## ASSIGNMENT
The result should be a full, exact repeat of the entries, free of pictures.

## EXCERPTED DATA

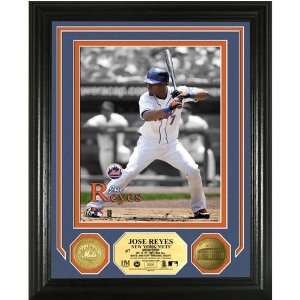  Jose Reyes 24KT Gold Coin Photo Mint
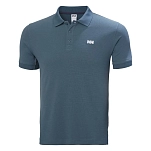 Helly hansen 50584_601-M Поло с короткими рукавами Driftline Голубой Washed Navy M
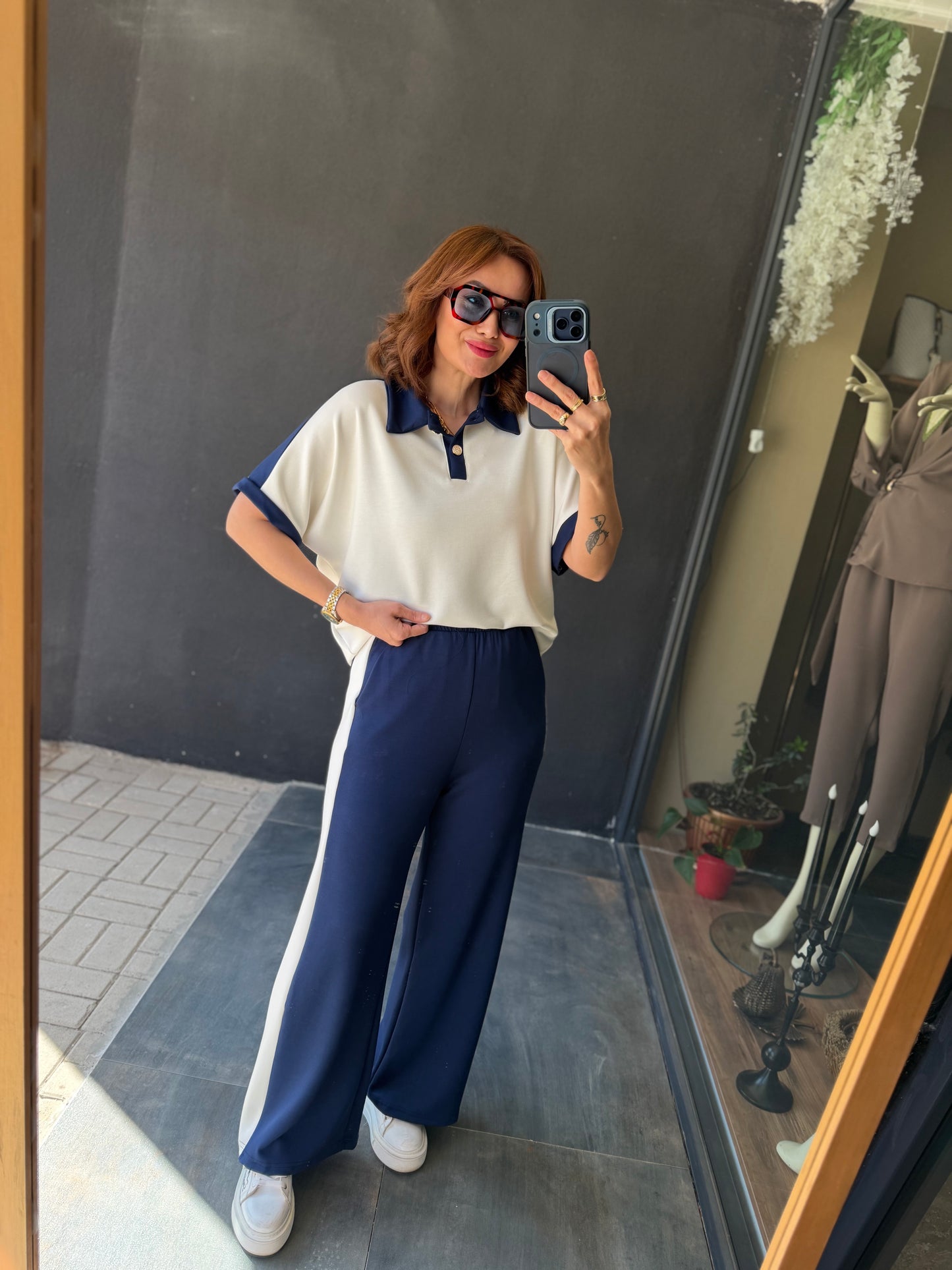 Starlight Lacivert Modal Takım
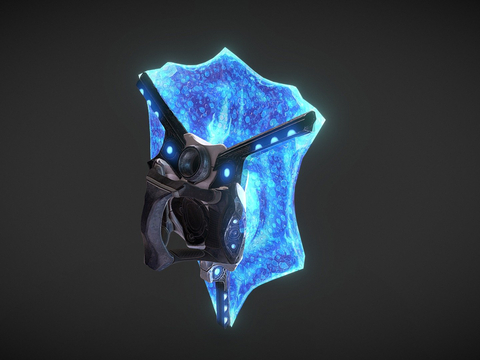  等离子护盾3d模型 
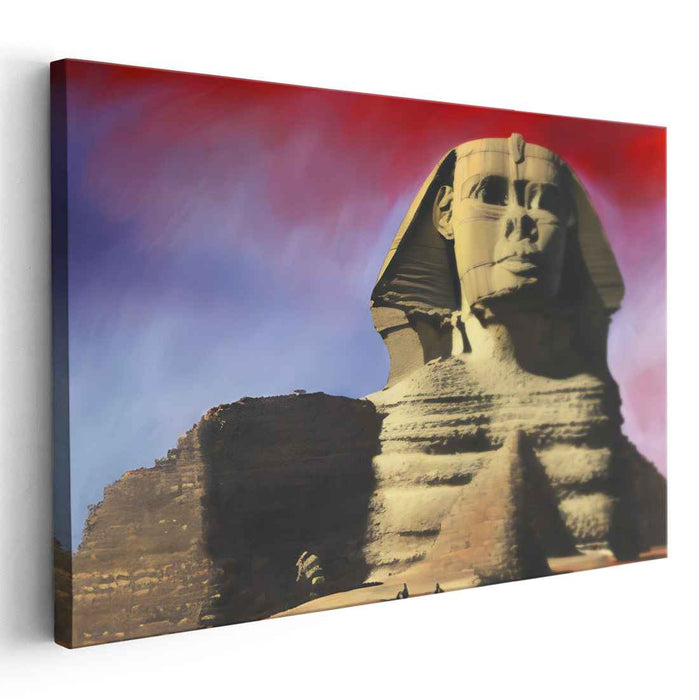 Pharaoh's Dreamworld: A Surreal Tribute to Ancient Egypt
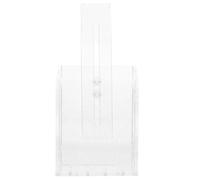 UPKOCH Support Plantes Aquarium Suspendues Acrylique Transparent avec Crochet Jardinière Pratique pour Plantes Aquatiques Petit Pot de Culture pour Décoration et Oxygénation pour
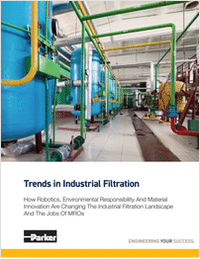 Trends in Industrial Filtration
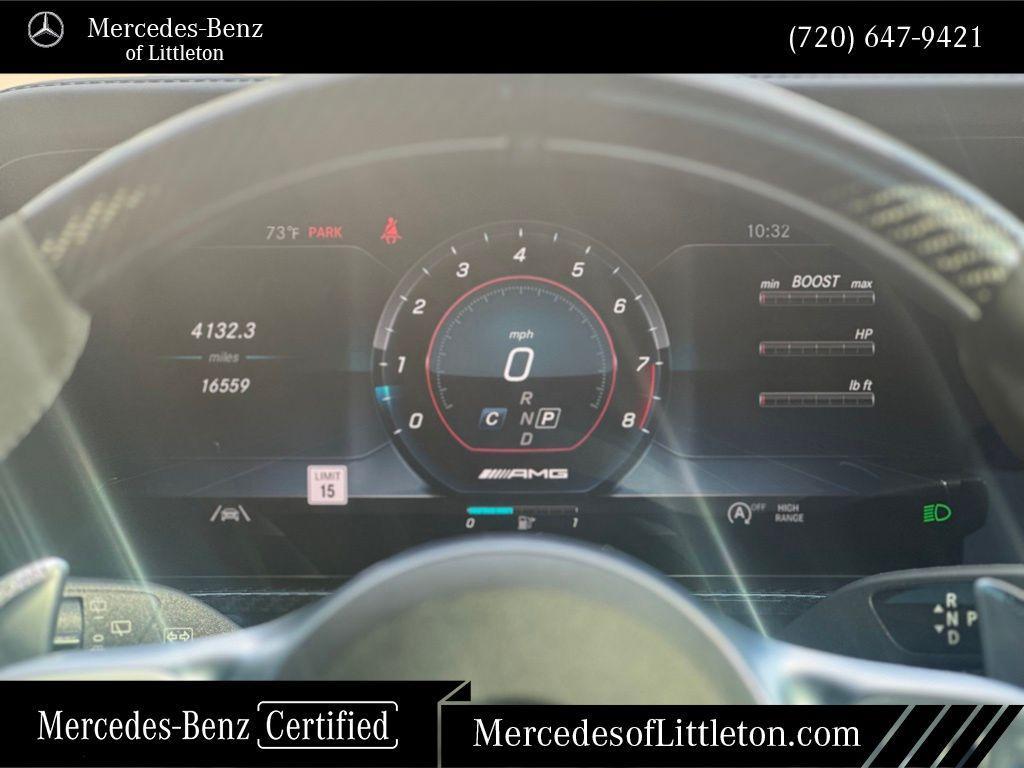 used 2022 Mercedes-Benz AMG G 63 car, priced at $169,581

## YOUR RESPONSE
  Jose Reyes 24KT Gold Coin Photo Mint
 Helly hansen 50584_601-M Поло с короткими рукавами Driftline Голубой Washed Navy M
 Starlight Lacivert Modal Takım
  等离子护盾3d模型 
 Pharaoh's Dreamworld: A Surreal Tribute to Ancient Egypt
 UPKOCH Support Plantes Aquarium Suspendues Acrylique Transparent avec Crochet Jardinière Pratique pour Plantes Aquatiques Petit Pot de Culture pour Décoration et Oxygénation pour
 Trends in Industrial Filtration
 used 2022 Mercedes-Benz AMG G 63 car, priced at $169,581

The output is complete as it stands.